HOUSTON, Texas -- Houston resident Esbeidy Reyes is expecting a daughter in September. However, earlier this month, that dream could have been lost when she began to feel tired, and from more than just her pregnancy.
"I left work early because of a headache," Reyes said. "Then I started to run a fever."
Her husband took her to a hospital where she was examined and tested for COVID-19. The result was positive. "I self-quarantined for several days, but then I kept getting worse."
She ended up in ICU at Memorial Hermann Hospital in the Texas Medical Center.
"I felt awful" she said. "I was having trouble breathing, and I didn't want anything to happen by my baby."
Reyes was already a high-risk pregnancy patient.

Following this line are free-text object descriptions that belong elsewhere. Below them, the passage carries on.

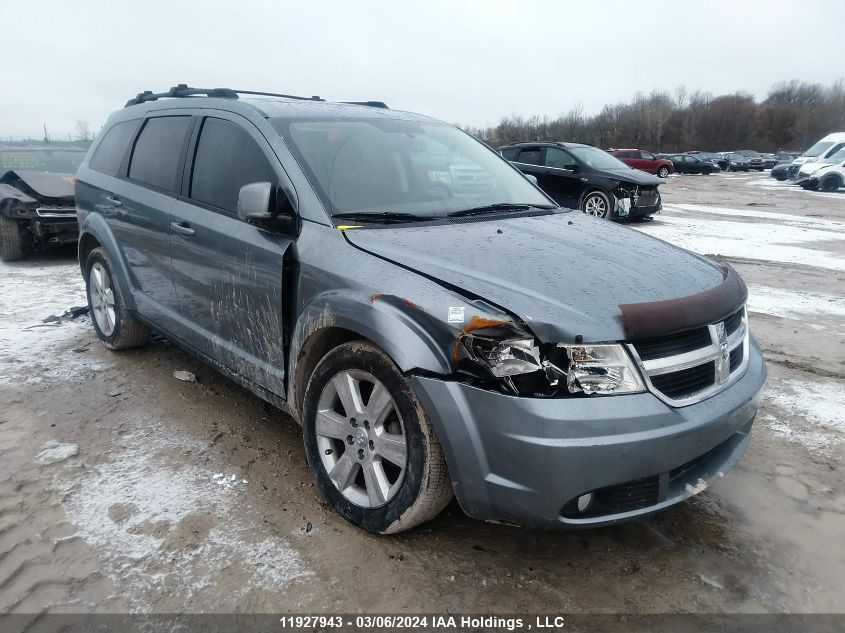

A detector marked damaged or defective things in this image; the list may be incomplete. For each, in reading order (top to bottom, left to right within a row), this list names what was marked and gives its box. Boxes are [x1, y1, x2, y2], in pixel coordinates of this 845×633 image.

crumpled hood [0, 169, 74, 201]
damaged black car [0, 143, 85, 260]
damaged black car [498, 142, 664, 221]
crumpled hood [596, 168, 664, 185]
crumpled hood [342, 211, 724, 340]
broken headlight [556, 346, 644, 396]
damaged front bumper [412, 338, 768, 524]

She miscarried late last year. "My husband and I found out we were pregnant on his birthday this year."
She was in ICU for days. "I signed the c-section paperwork. I thought only my baby was going to survive. I didn't think I was going to survive," she said.

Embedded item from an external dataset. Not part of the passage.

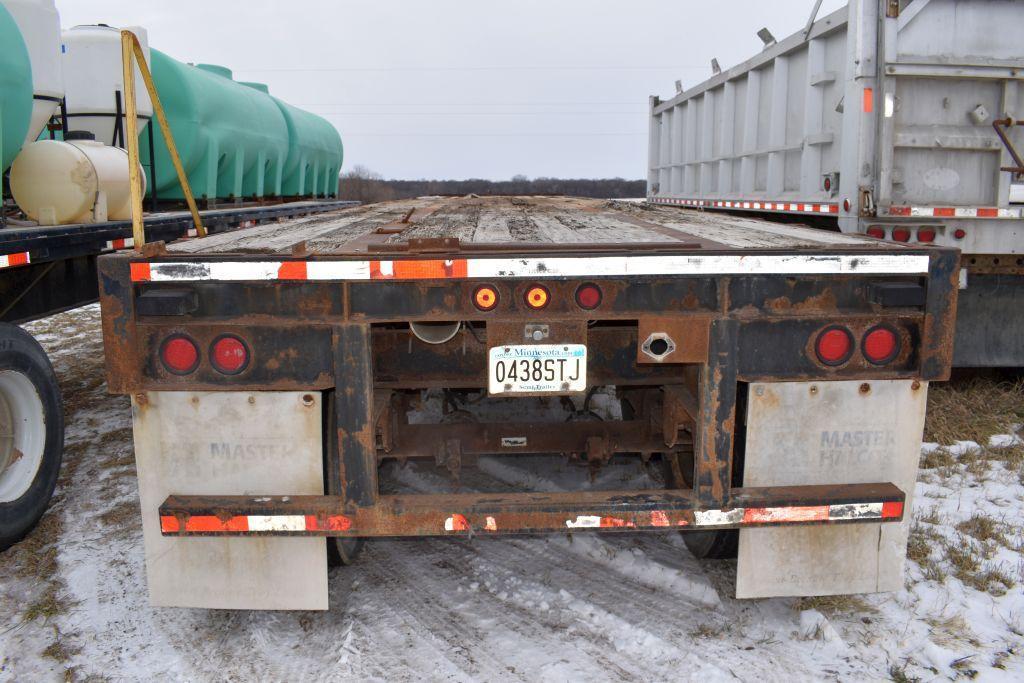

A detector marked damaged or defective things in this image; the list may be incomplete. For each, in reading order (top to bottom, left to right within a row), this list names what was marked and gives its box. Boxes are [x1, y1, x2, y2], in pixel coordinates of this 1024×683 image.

Her doctor administered plasma from someone who had recovered from the virus, which contains antibodies. Reyes responded quickly. "Two days later I was able to get out of the hospital bed without help. She was discharged just over a week ago."

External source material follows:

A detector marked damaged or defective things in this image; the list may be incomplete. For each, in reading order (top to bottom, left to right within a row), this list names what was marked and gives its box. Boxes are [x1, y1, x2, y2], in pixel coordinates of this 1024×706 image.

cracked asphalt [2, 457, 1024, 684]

She doesn't know how she became infected. "I go to work, and the grocery store and go home."
Because she works in the medical profession, she was already paying attention to the growing number of cases in the Houston area. "I know about hospital admissions, and they started going up after the businesses reopened. All those people and everyone acting like the COVID-19 was gone, and I was like, it's not gone."
Her infant daughter, named Arianna, is set to be delivered in September. Reyes said she will tell her one day what they both went through because of a pandemic.
"I'm going to tell her she's my little soldier. She's my motivation. She kept me going. I didn't want to lose my baby."